Start of Provided records

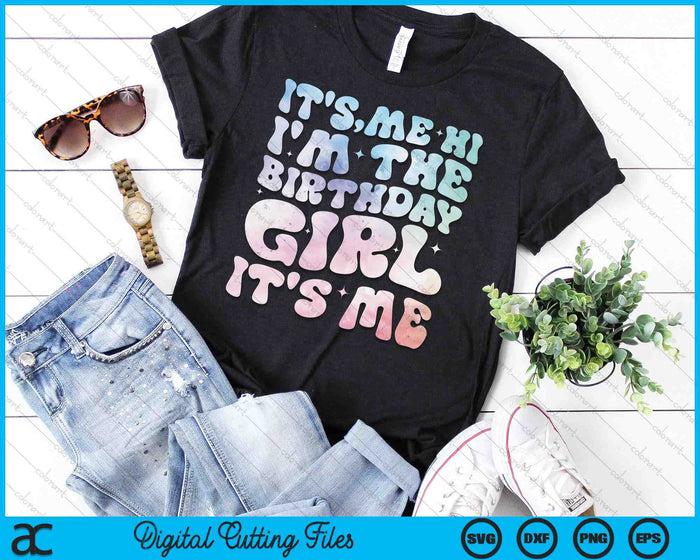 It's Me Hi I'm The Birthday Girl It's Me SVG PNG Digital Cutting Files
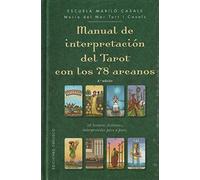 Manual de interpretación del tarot con los 78 arcanos / Tarot Interpretation Manual with 78: 28 Lecturas Distintas, Interpretadas Paso a Paso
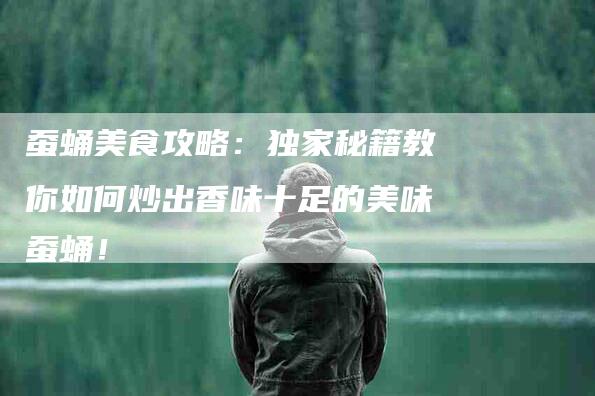 蚕蛹美食攻略：独家秘籍教你如何炒出香味十足的美味蚕蛹！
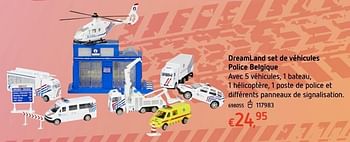 Promotions Dreamland set de véhicules police belgique - Produit maison - Dreamland - Valide de 20/10/2016 à 06/12/2016 chez Dreamland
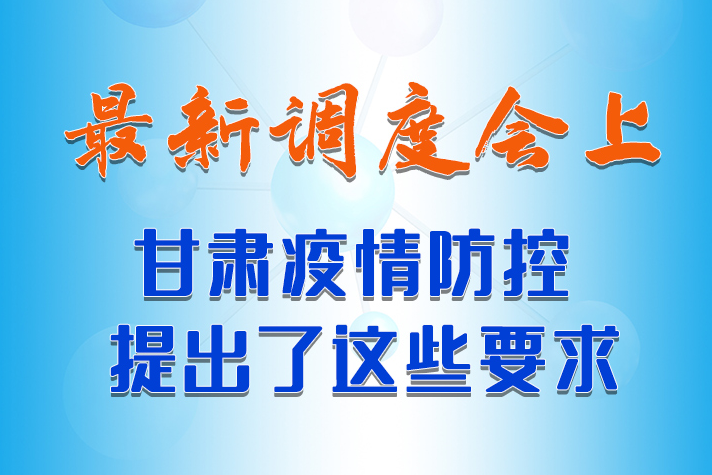 【甘快看·長圖】最新調(diào)度會上，甘肅疫情防控提出了這些要求 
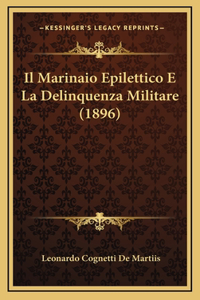 Il Marinaio Epilettico E La Delinquenza Militare (1896)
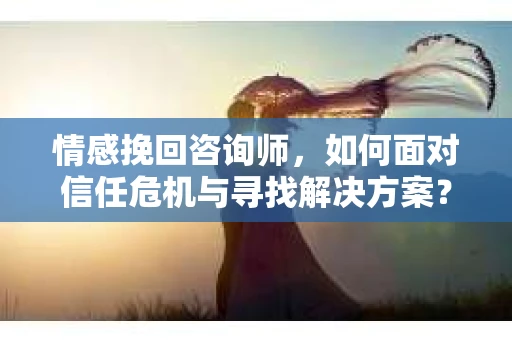 情感挽回咨询师,如何面对信任危机与寻找解决方案? 情感挽回咨询师,如何面对信任危机与寻找解决方案?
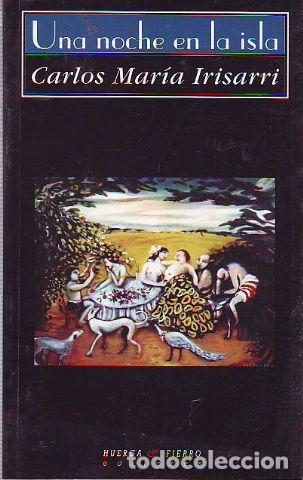 Libros: UNA NOCHE EN LA ISLA. - IRISARRI Carlos Maria. - Foto 1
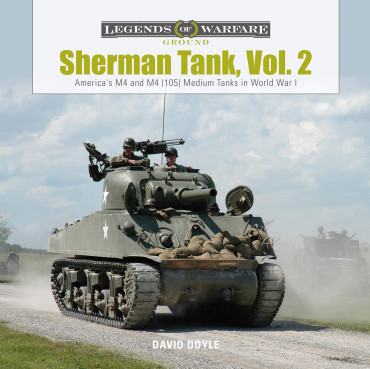 SHERMAN TANK, Vol. 2 - America's M4 and M4 (105) Medium Tanks in World War II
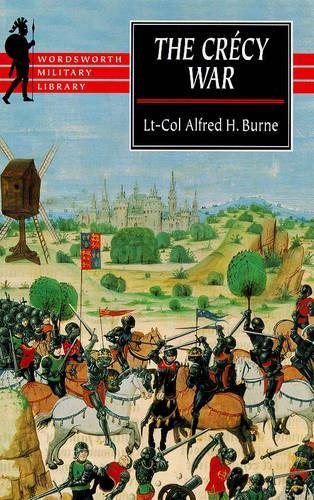 The Crecy War (Wordsworth Military Library)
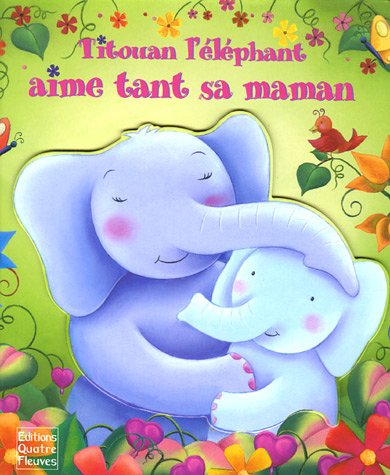 couverture de : Titouan l'&eacute;l&eacute;phant aime tant sa maman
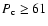 $P_{\rm c} \ge
61$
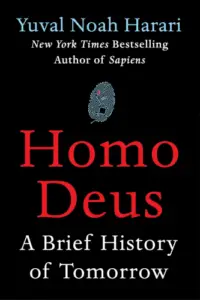 Homo Deus: A Brief History of Tomorrow book summary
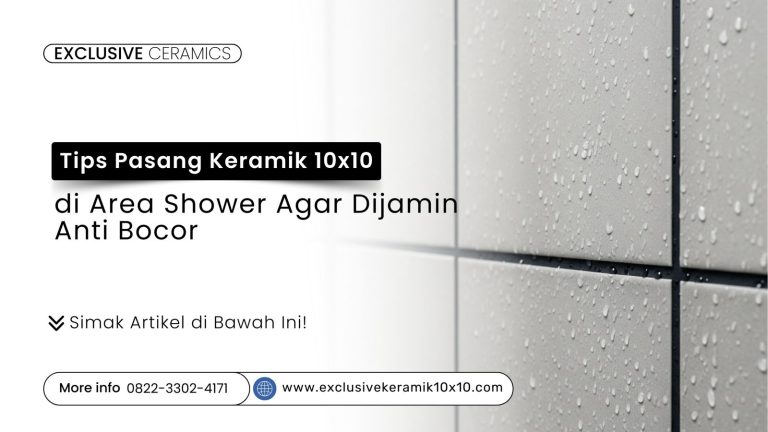 Tips Pasang Keramik 10×10 di Area Shower Agar Dijamin Anti Bocor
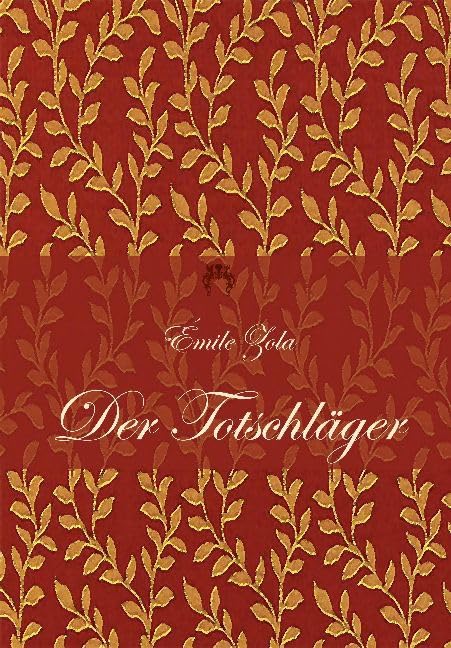 Der Totschläger: 7. Band des Rougon-Macquart-Romanzyklus Contemporary literature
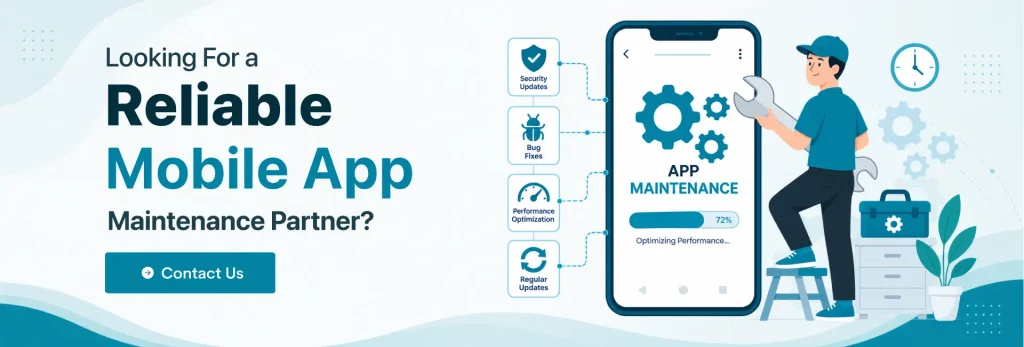 Looking for a Reliable Mobile App Maintenance Partner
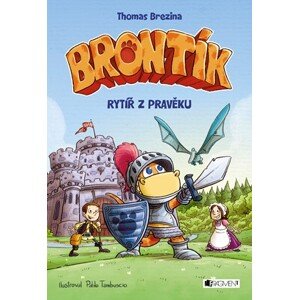 Brontík - Rytíř z pravěku | Thomas Brezina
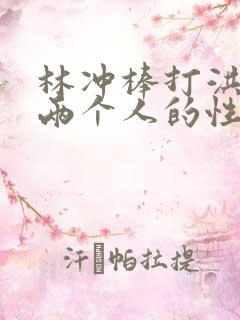 林冲棒打洪教头两个人的性格特点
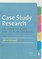 Case Study Research in Counselling and Psychotherapy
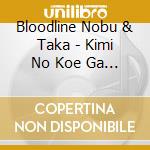 Bloodline Nobu & Taka - Kimi No Koe Ga Kikoete Kuru Yo Ano Hi No Shokutaku cd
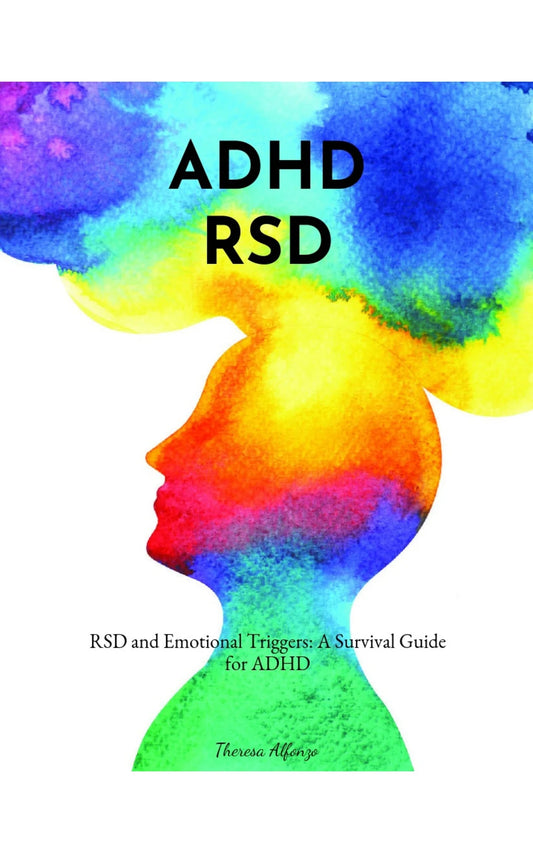 RSD and Emotional Triggers: A Survival Guide for ADHD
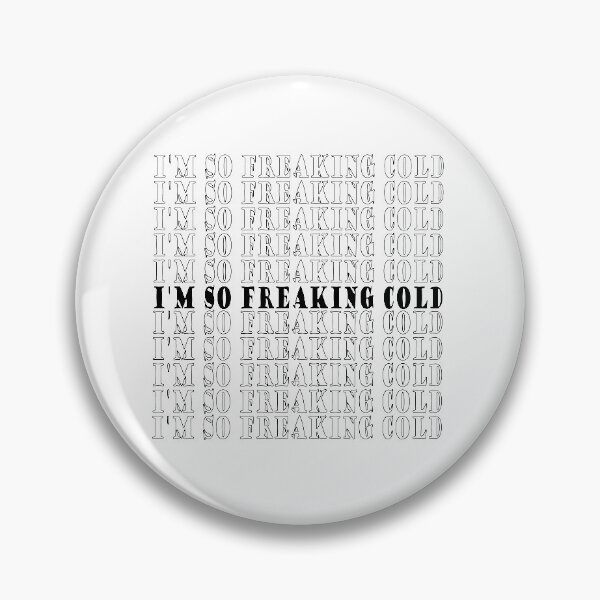 Item preview, I'm So Freaking Cold  designed and sold by jamwind.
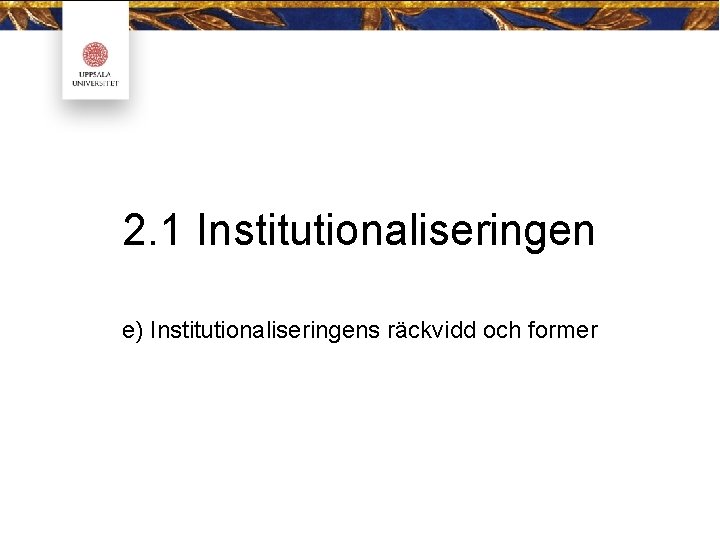 2. 1 Institutionaliseringen e) Institutionaliseringens räckvidd och former 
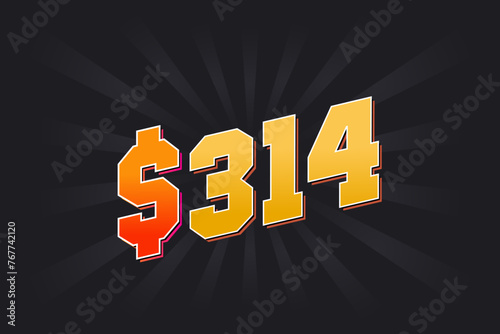 314 Dollar American Money vector text symbol. $314 USD United States Dollar stock vector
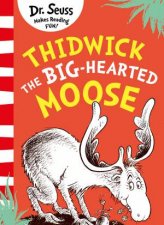 Thidwick The Bighearted Moose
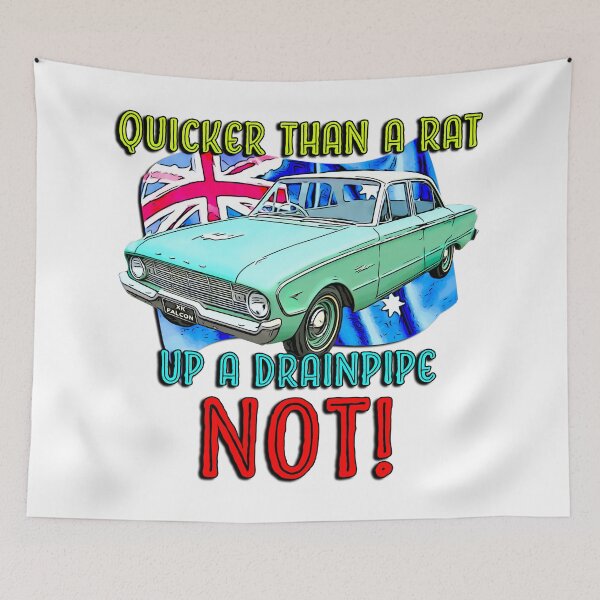 Item preview, Quicker Than a Rat Up a Drainpipe… NOT! – XK Falcon Aussie Humor designed and sold by Michael van der Hoorn.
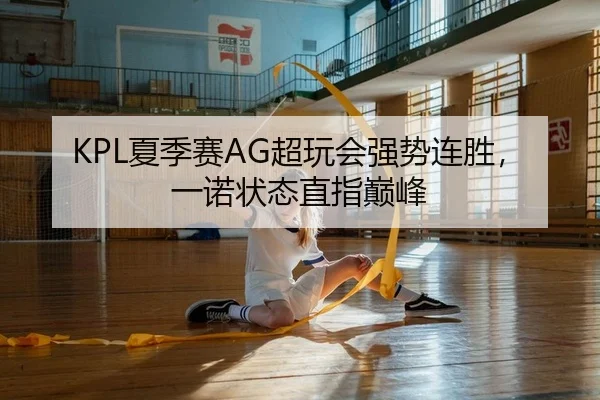 KPL夏季赛AG超玩会强势连胜，一诺状态直指巅峰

End of Provided records

Activity: Leaving every picture behind, retype the entries above exactly, from the first line through the line with "Promotions Dreamland set", and stop there.

Exercise answer:
 It's Me Hi I'm The Birthday Girl It's Me SVG PNG Digital Cutting Files
 Manual de interpretación del tarot con los 78 arcanos / Tarot Interpretation Manual with 78: 28 Lecturas Distintas, Interpretadas Paso a Paso
 蚕蛹美食攻略：独家秘籍教你如何炒出香味十足的美味蚕蛹！
 Promotions Dreamland set de véhicules police belgique - Produit maison - Dreamland - Valide de 20/10/2016 à 06/12/2016 chez Dreamland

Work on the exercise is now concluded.